__WHAT TO WORK ON__: Here is a listing, set out below; repeat its lines from the one with "Diesel CHEREN Womens" to the last, both included, and leave out the pictures.
====== THE DATA ======
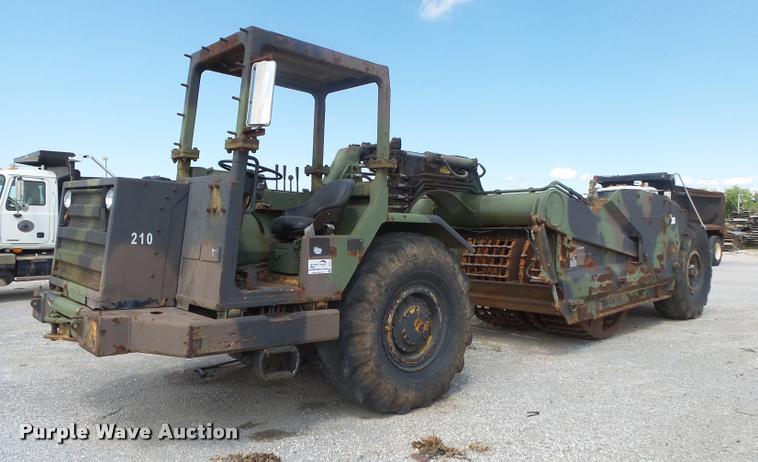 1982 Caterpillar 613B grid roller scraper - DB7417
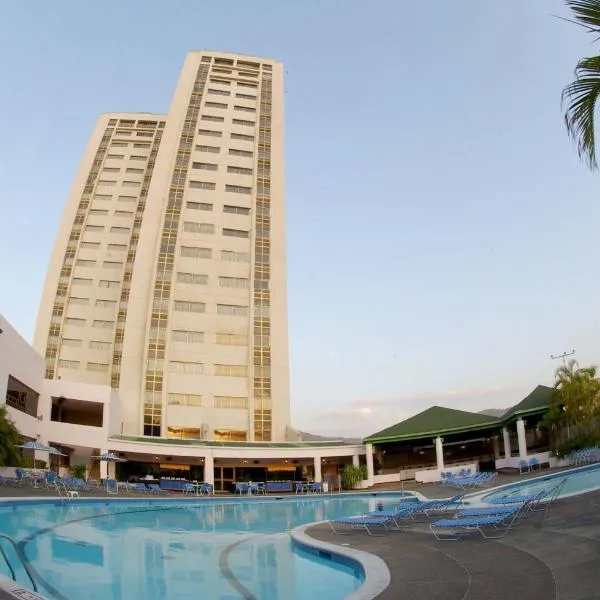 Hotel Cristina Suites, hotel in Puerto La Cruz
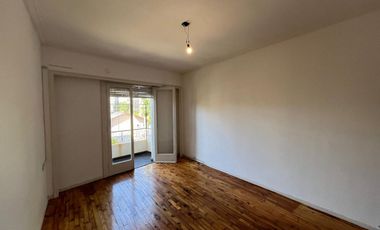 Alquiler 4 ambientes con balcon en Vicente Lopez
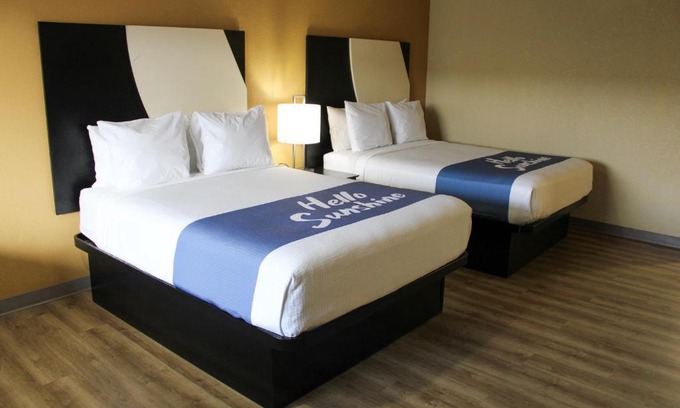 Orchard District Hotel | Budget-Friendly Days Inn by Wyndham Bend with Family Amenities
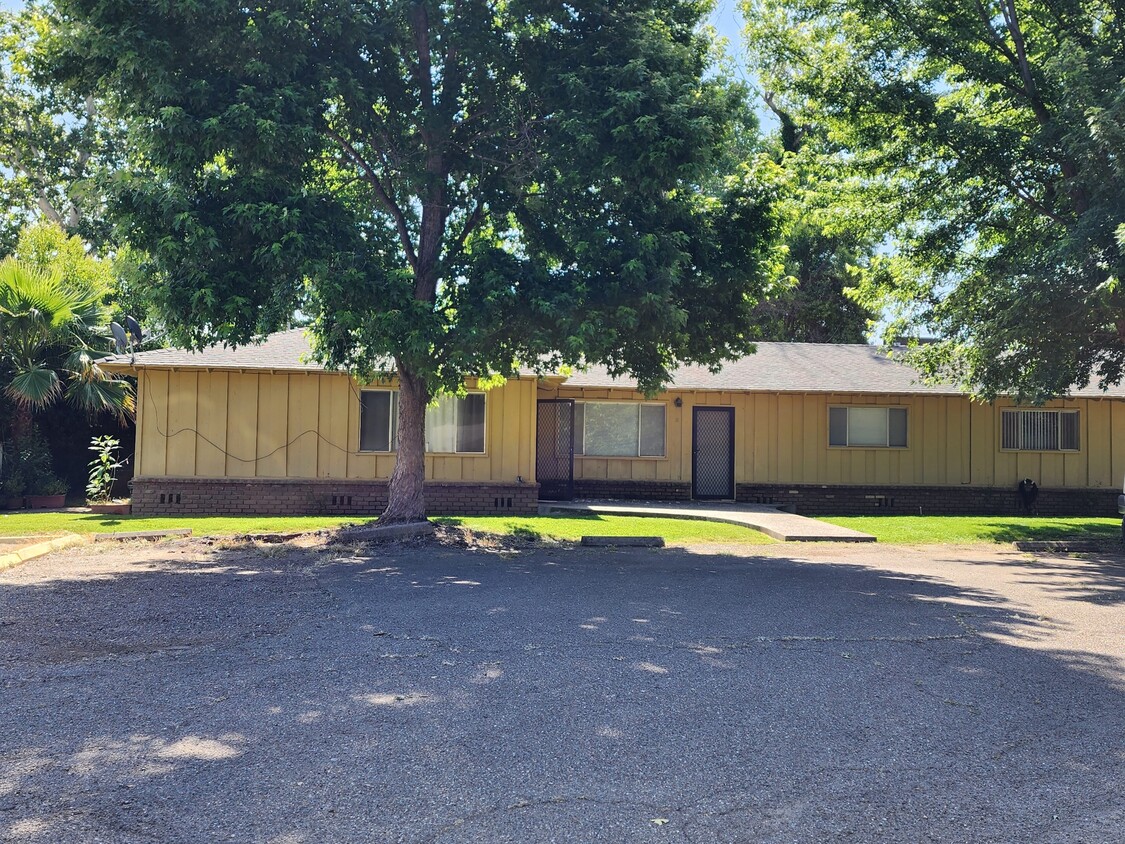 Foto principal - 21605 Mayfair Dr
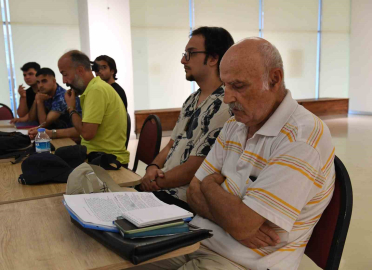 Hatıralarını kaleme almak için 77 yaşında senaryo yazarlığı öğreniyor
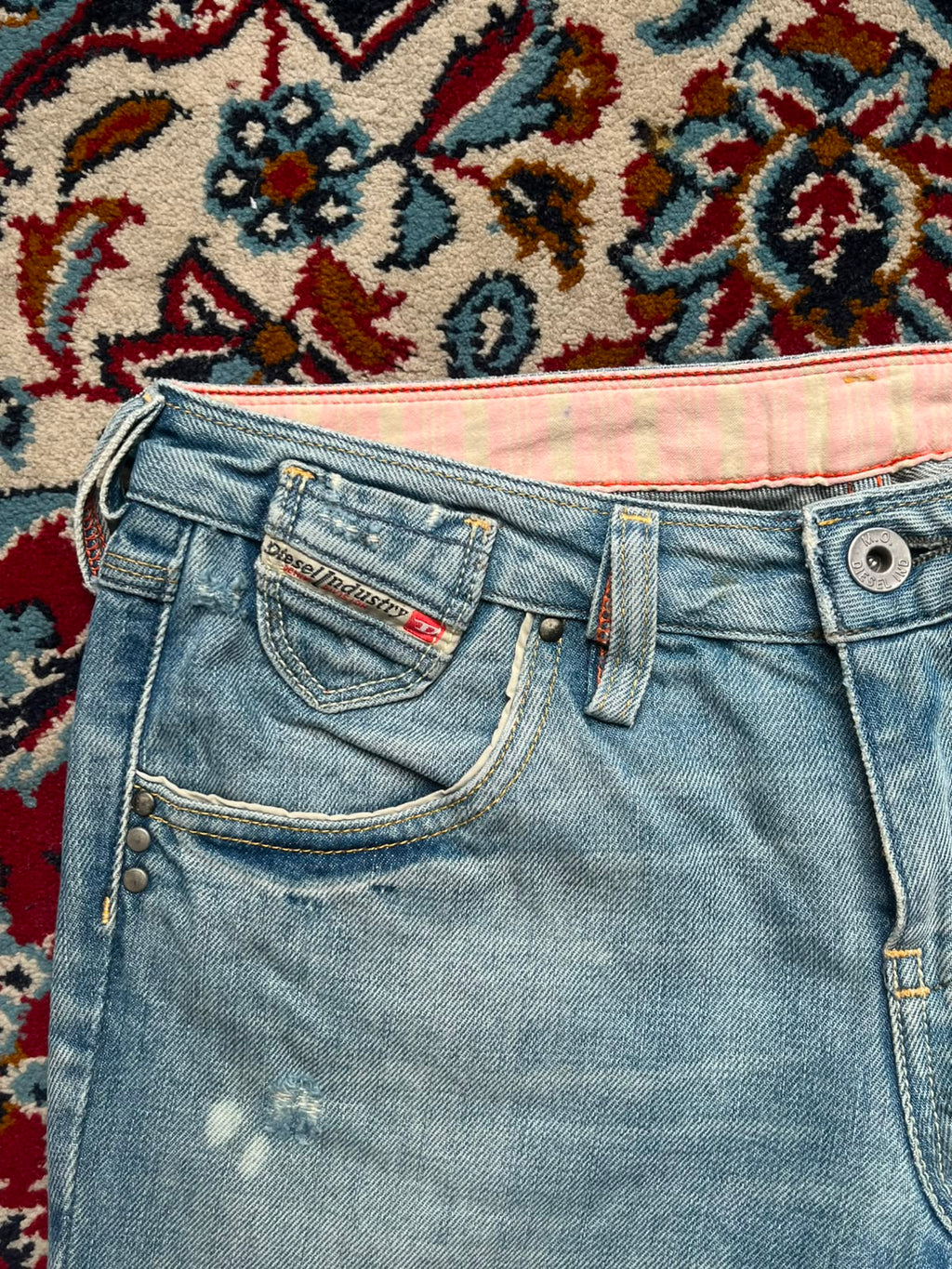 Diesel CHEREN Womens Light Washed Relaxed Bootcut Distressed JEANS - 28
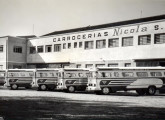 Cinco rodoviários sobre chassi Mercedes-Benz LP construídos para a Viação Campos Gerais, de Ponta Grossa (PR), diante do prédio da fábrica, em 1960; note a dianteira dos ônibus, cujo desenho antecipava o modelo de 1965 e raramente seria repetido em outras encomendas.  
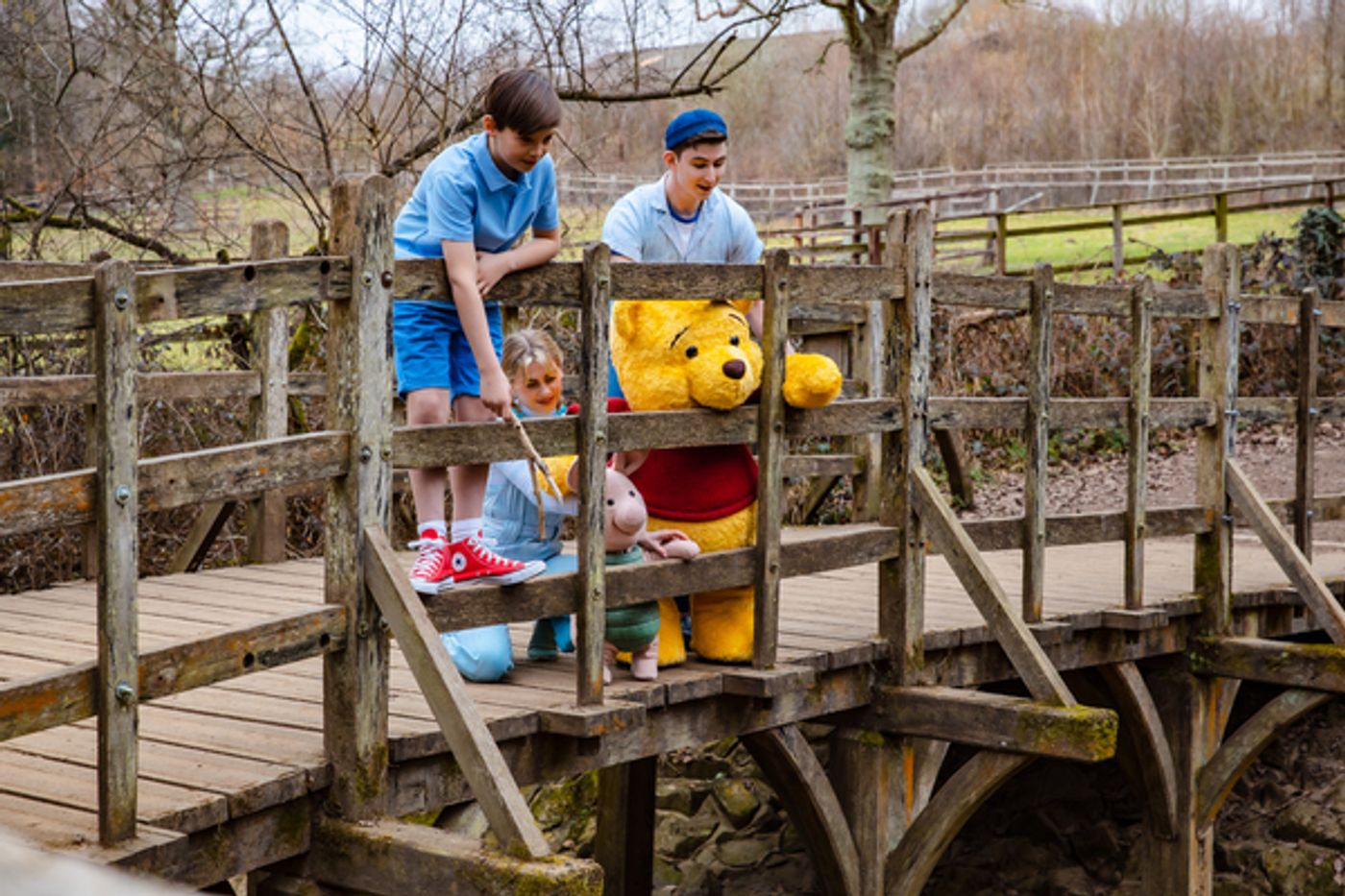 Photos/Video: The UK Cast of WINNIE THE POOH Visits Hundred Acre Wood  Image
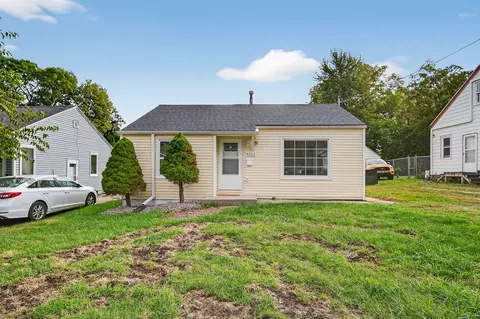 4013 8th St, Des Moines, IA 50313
======
__SOLUTION TO THE EXERCISE__:
 Diesel CHEREN Womens Light Washed Relaxed Bootcut Distressed JEANS - 28
 Cinco rodoviários sobre chassi Mercedes-Benz LP construídos para a Viação Campos Gerais, de Ponta Grossa (PR), diante do prédio da fábrica, em 1960; note a dianteira dos ônibus, cujo desenho antecipava o modelo de 1965 e raramente seria repetido em outras encomendas.  
 Photos/Video: The UK Cast of WINNIE THE POOH Visits Hundred Acre Wood  Image
 4013 8th St, Des Moines, IA 50313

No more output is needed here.